Drop the udevadm settle. I'm not sure what this accomplishes; take it out,
at least until we determine we need it.
Sage Weil [Fri, 14 Jun 2013 00:38:02 +0000 (17:38 -0700)]
librados: add missing #include
librados/librados.cc: In function 'int rados_mon_command_target(void*, const char*, const char**, size_t, const char*, size_t, char**, size_t*, char**, size_t*)':
error: librados/librados.cc:1877: 'LONG_MAX' was not declared in this scope
error: librados/librados.cc:1877: 'LONG_MIN' was not declared in this scope
Sage Weil [Thu, 13 Jun 2013 23:39:30 +0000 (16:39 -0700)]

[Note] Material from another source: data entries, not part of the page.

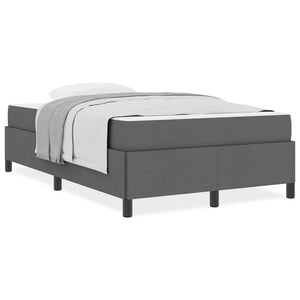 vidaXL Letto a molle Grigio scuro e Nero 120 x 200 cm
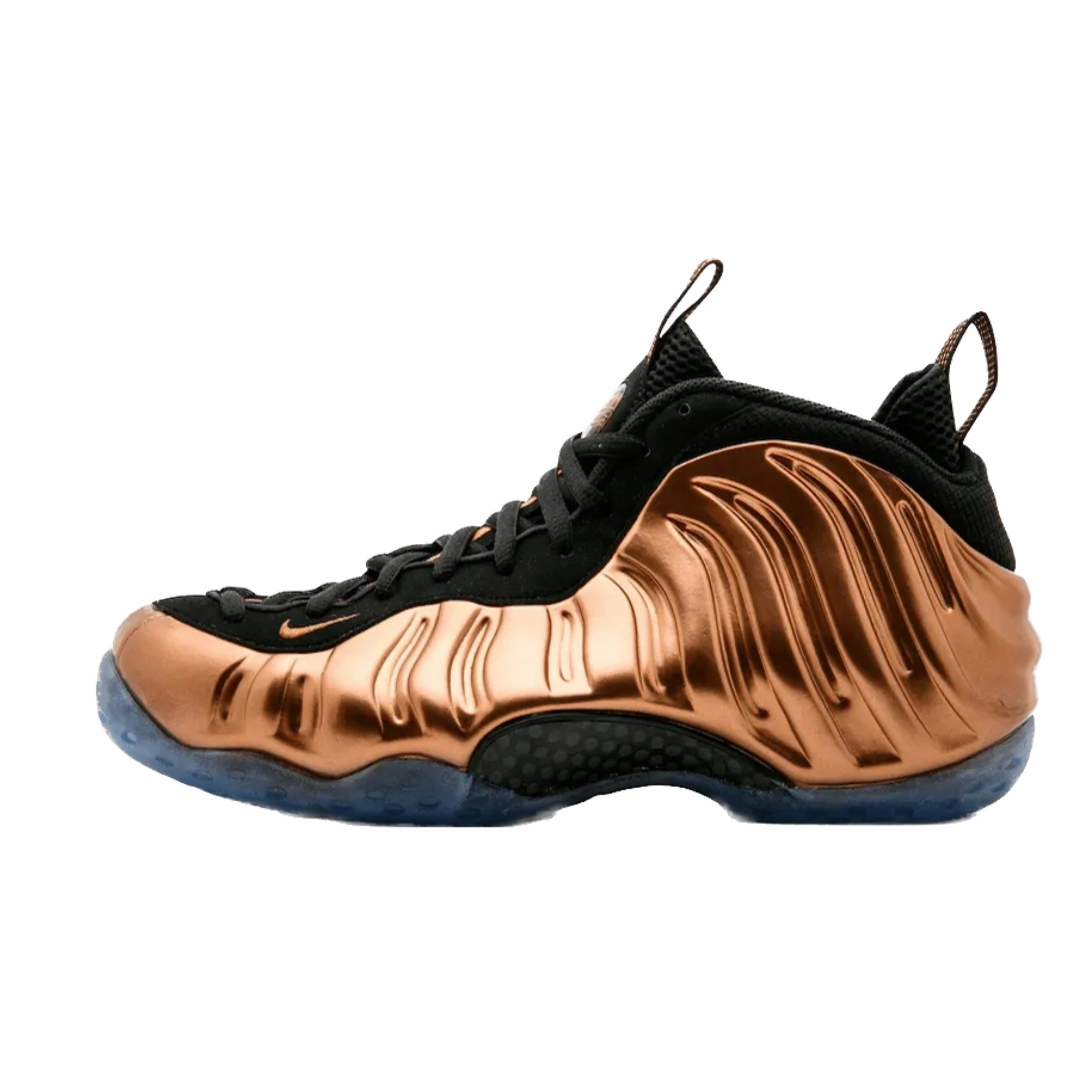 Nike Air Foamposite One Copper Metallic Copper Black Asic Golf Shoes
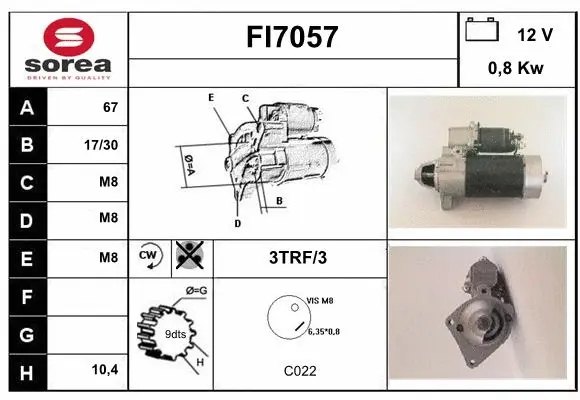 Starter (FI7057)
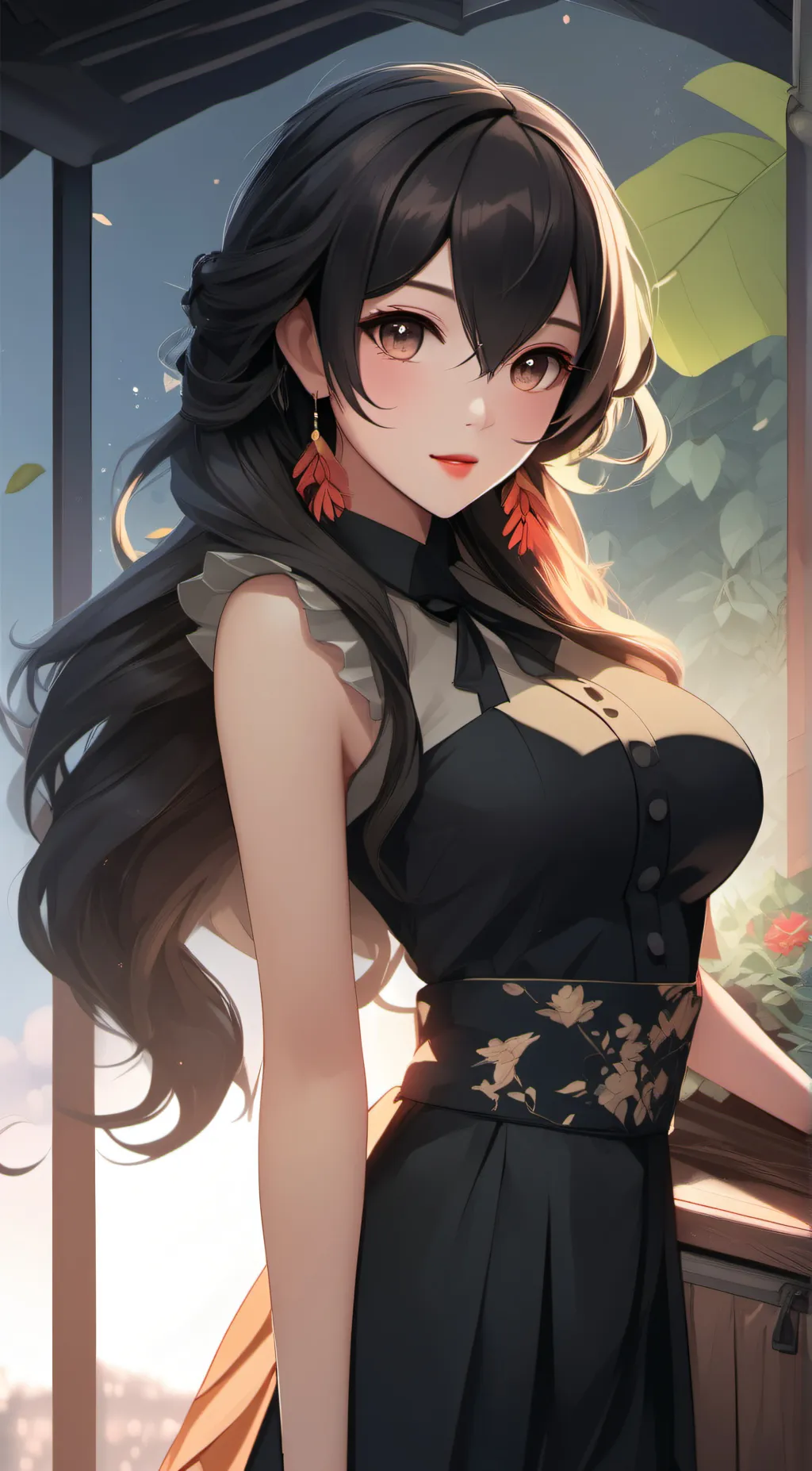 ai character: twilight background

librados: wait for osdmap for commands that need it
In commit 7e1cf87b5158c870e2a118ed6d316be8cb9818ce we stopped waiting for
the osdmap on start because the Objecter will normally wait, but for some
commands we assume the osdmap is recent(ish).
Signed-off-by: Sage Weil <sage@inktank.com> Reviewed-by: Josh Durgin <josh.durgin@inktank.com>
Sage Weil [Thu, 13 Jun 2013 18:27:49 +0000 (11:27 -0700)]
mon/MonmapMonitor: remove unused label
mon/MonmapMonitor.cc: In member function 'bool MonmapMonitor::preprocess_command(MMonCommand*)':
mon/MonmapMonitor.cc:273:2: warning: label 'out' defined but not used [-Wunused-label]
Sage Weil [Thu, 13 Jun 2013 14:39:02 +0000 (07:39 -0700)]
mon/MonClient: mark_down during get_monmap_privately() shutdown
We explicitly mark_down() and clear cur_con when shutting down; do the same
for get_monmap_privately() to ensure that the reset event doesn't make us
do something silly (like, in this case, call _reopen_session() again).
Sage Weil [Wed, 12 Jun 2013 02:27:01 +0000 (19:27 -0700)]
msg/DispatchQueue: do not discard queued events on stop
When the shutdown/stop flag is set, continue to work through the queue.
Process events, but discard messages. This avoids the loss of reset events
on shutdown that are necessary to clean up ref cycles.
Sage Weil [Tue, 11 Jun 2013 23:44:05 +0000 (16:44 -0700)]
msgr: queue reset exactly once on any connection
Use the atomic pipe link removal as a signal that we are the one failing
the con and use that to queue the reset event.
This fixes the case where we have an open, the session gets set up via the
handle_accept callback, and then race with another connection and go into
wait + close, or just close. In that case, fault() needs to queue a reset
event to match the accept.
Sage Weil [Mon, 10 Jun 2013 03:21:49 +0000 (20:21 -0700)]
msgr: use ConnectionRef throughout
Make RefCountedObject a private parent of Connection so that users are
forced to use ConnectionRef whenever references are taken.
Many methods can still take a raw Connection* when they are using the
caller's reference but not taking their own; this is cheaper than
twiddling the reference count, and the lifetime is still well defined.
Local variables generally use ConnectionRef, though.
Loic Dachary [Thu, 13 Jun 2013 06:53:26 +0000 (08:53 +0200)]
add apt-get update to installation instructions
Without apt-get update the repository added to the sources.list is not taken into consideration and an older version of ceph-deploy is going to be installed.
Dan Mick [Thu, 13 Jun 2013 01:08:17 +0000 (18:08 -0700)]
ceph, mon/OSDMonitor: fix up osd crush commands for <osd.N> or <N>
The new parsing code had been trying to allow flexibility for the
'old form' commands (where id could be different from N in osd.N),
but also accept 'new form' commands. The new rule is that where
there's an OSD specified in the osd crush command, it is of type
CephOsdName, which can be an id *or* 'osd.<id>', but not both.
Pass CephOsdName as int64_t 'id' for convenience in mon code
Signed-off-by: Dan Mick <dan.mick@inktank.com> Reviewed-by: Sage Weil <sage@inktank.com>
Sage Weil [Wed, 12 Jun 2013 23:36:21 +0000 (16:36 -0700)]
mon/MonClient: send commands to a specific monitor
This implementation is limited: we direct our command by reopening
a session with the specific monitor. If there is more than one of these
queued we will fail to reach either.